*Goal of the exercise*
Your task is to write out every line of the data exactly. Drop the pictures.

*The data*
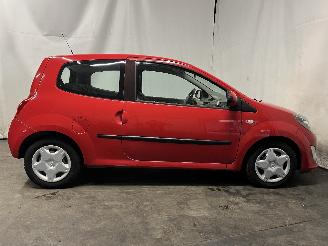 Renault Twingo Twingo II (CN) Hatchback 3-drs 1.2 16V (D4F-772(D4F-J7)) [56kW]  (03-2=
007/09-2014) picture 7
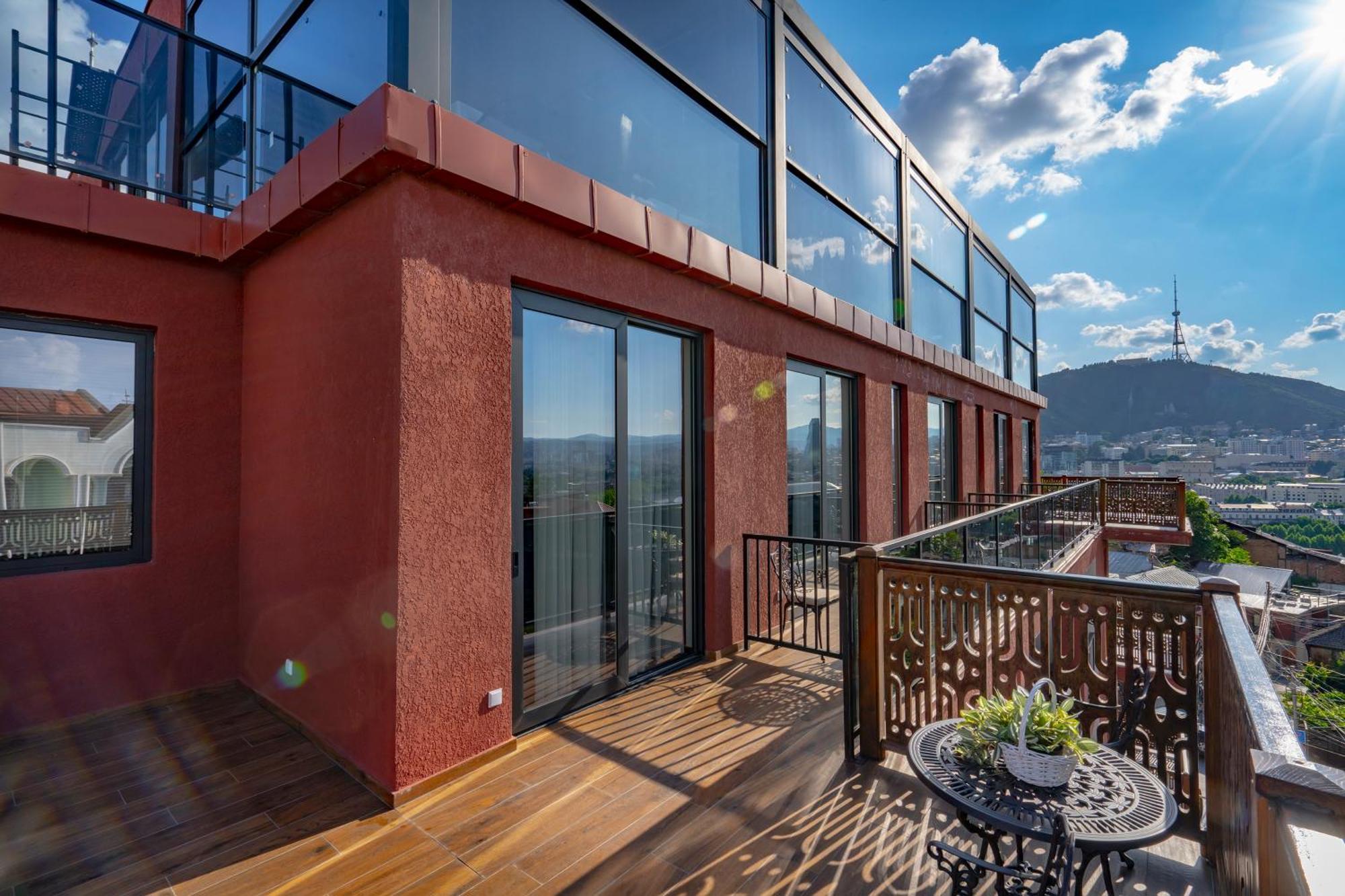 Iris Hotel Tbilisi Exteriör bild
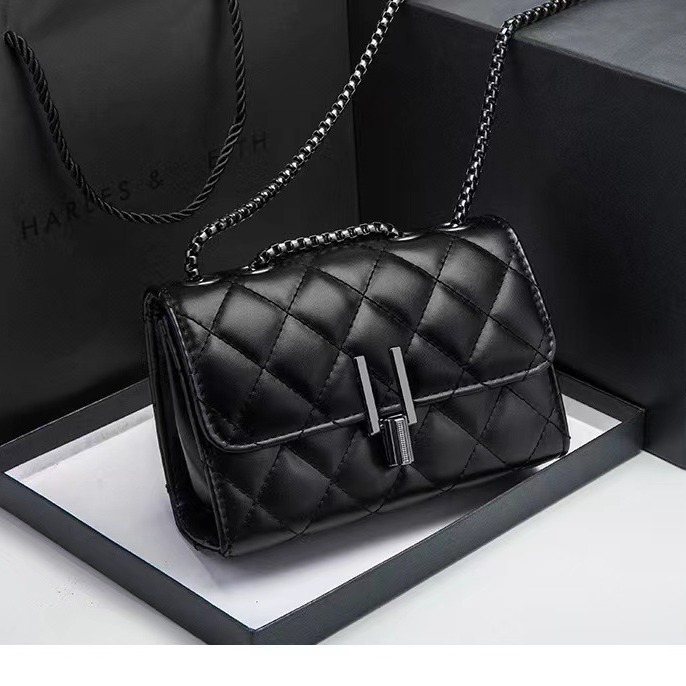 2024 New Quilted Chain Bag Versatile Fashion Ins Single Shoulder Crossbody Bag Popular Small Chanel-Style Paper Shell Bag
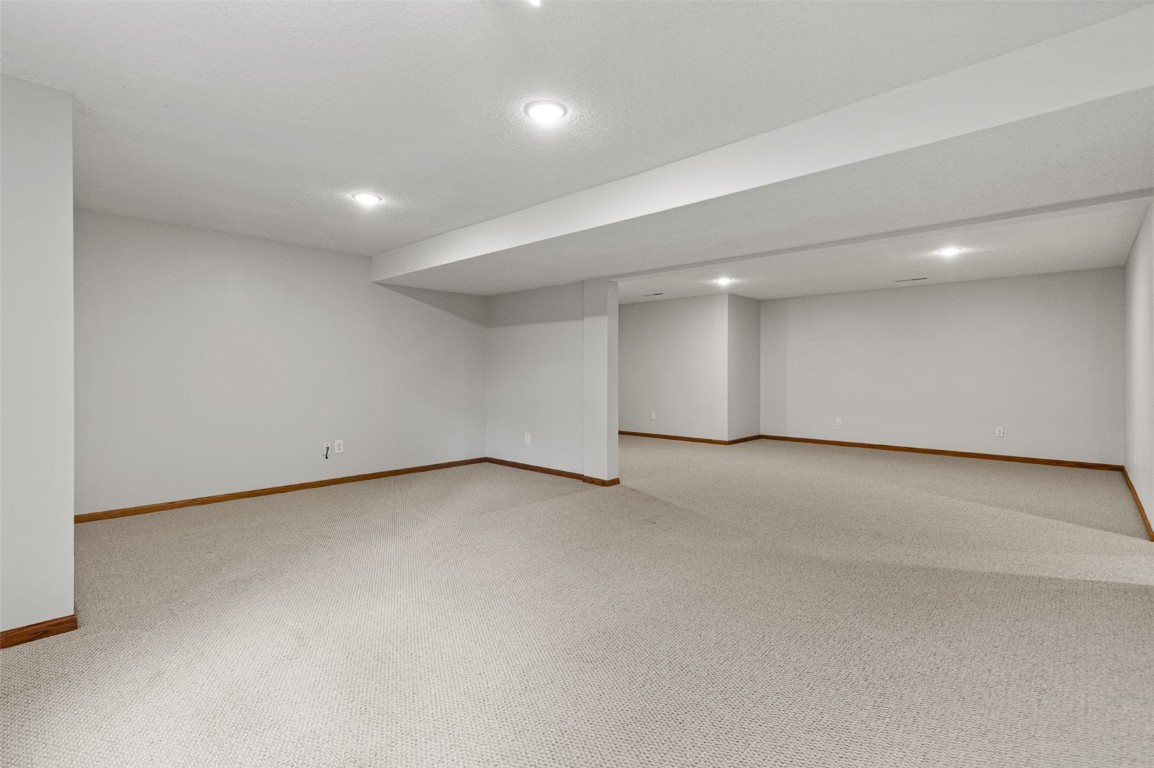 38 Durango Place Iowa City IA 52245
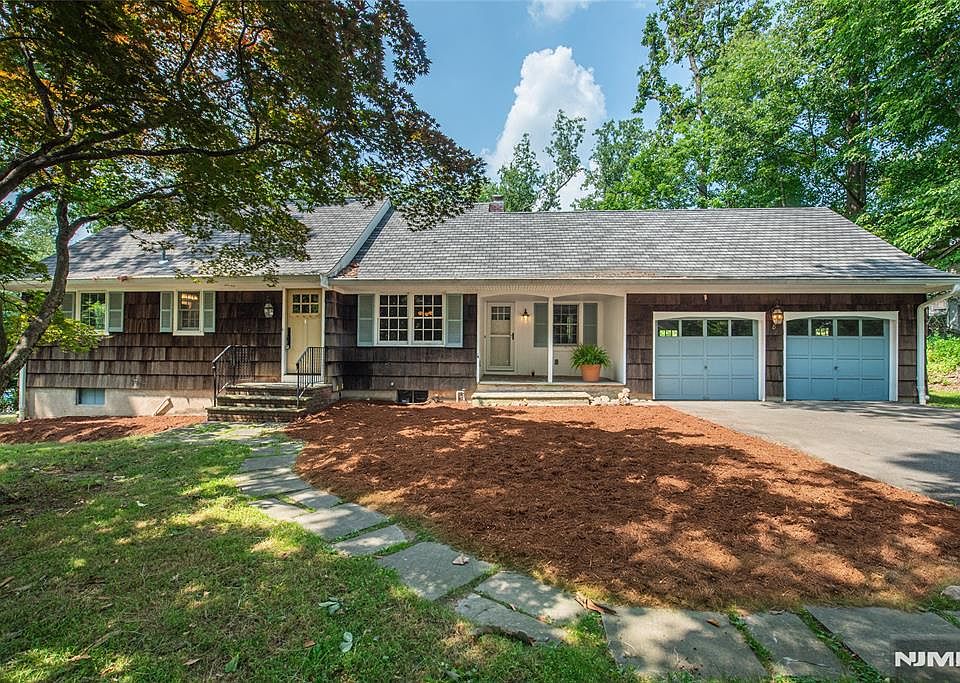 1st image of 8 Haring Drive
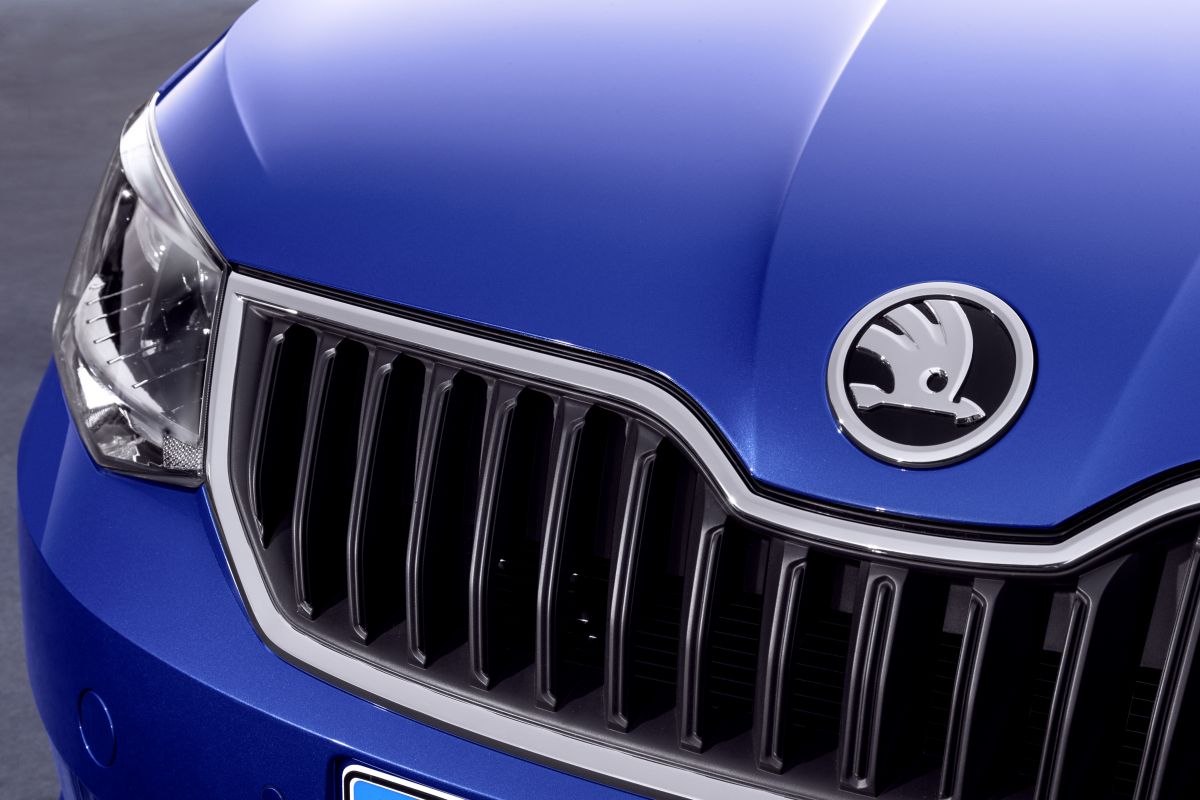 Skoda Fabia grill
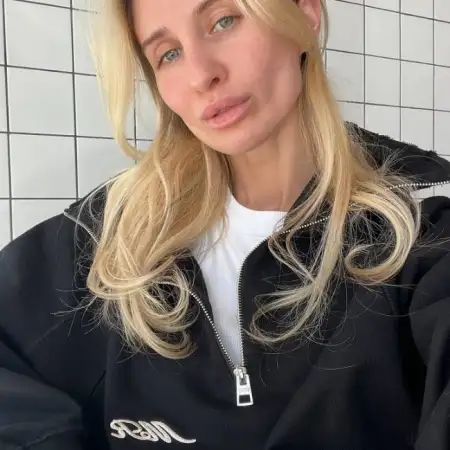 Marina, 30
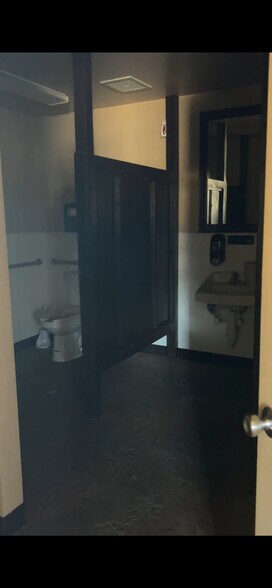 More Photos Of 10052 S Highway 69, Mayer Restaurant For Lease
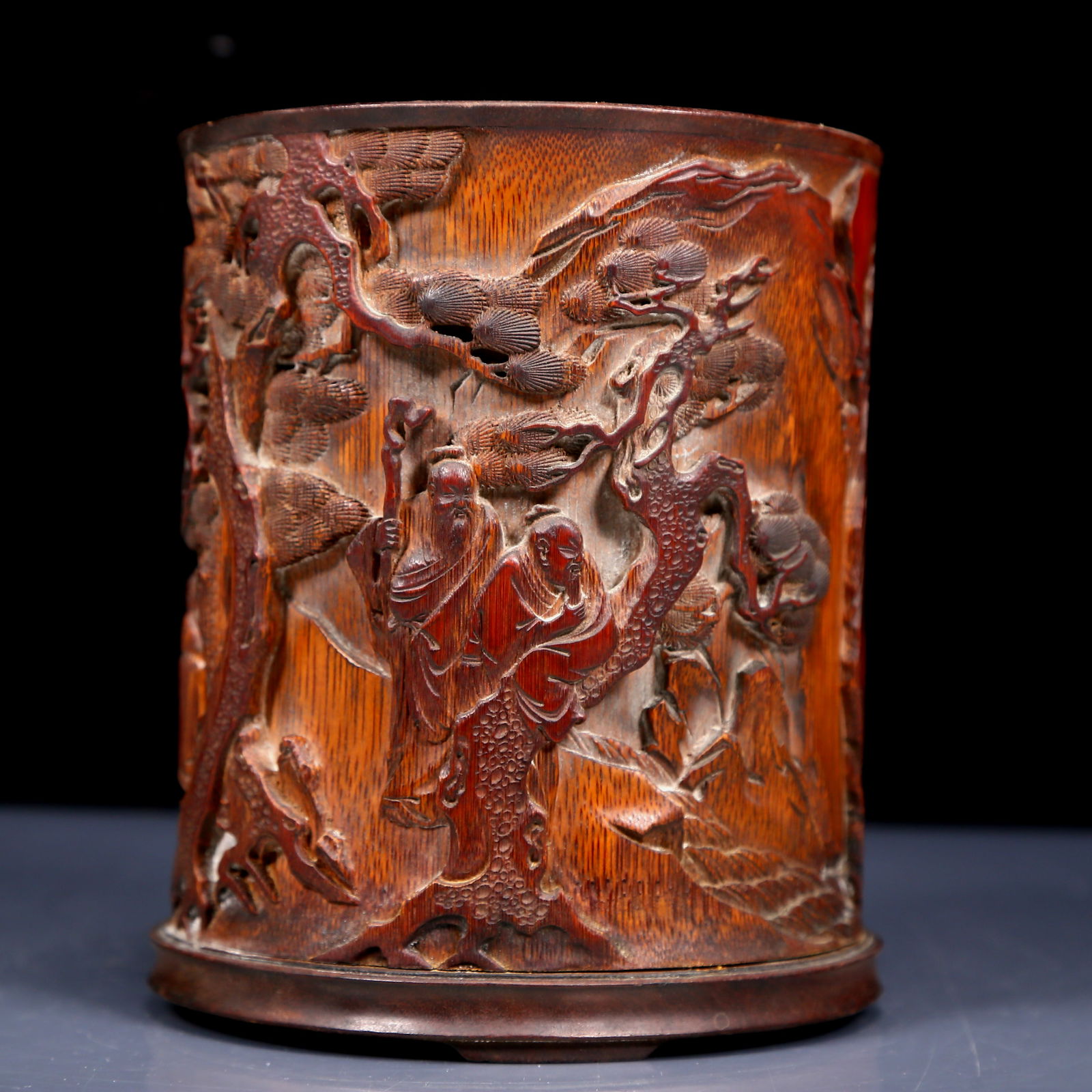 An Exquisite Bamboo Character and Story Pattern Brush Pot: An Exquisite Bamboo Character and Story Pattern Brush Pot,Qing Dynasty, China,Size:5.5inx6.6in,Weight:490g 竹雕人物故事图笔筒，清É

*Solution*
 Renault Twingo Twingo II (CN) Hatchback 3-drs 1.2 16V (D4F-772(D4F-J7)) [56kW]  (03-2=
007/09-2014) picture 7
 Iris Hotel Tbilisi Exteriör bild
 2024 New Quilted Chain Bag Versatile Fashion Ins Single Shoulder Crossbody Bag Popular Small Chanel-Style Paper Shell Bag
 38 Durango Place Iowa City IA 52245
 1st image of 8 Haring Drive
 Skoda Fabia grill
 Marina, 30
 More Photos Of 10052 S Highway 69, Mayer Restaurant For Lease
 An Exquisite Bamboo Character and Story Pattern Brush Pot: An Exquisite Bamboo Character and Story Pattern Brush Pot,Qing Dynasty, China,Size:5.5inx6.6in,Weight:490g 竹雕人物故事图笔筒，清É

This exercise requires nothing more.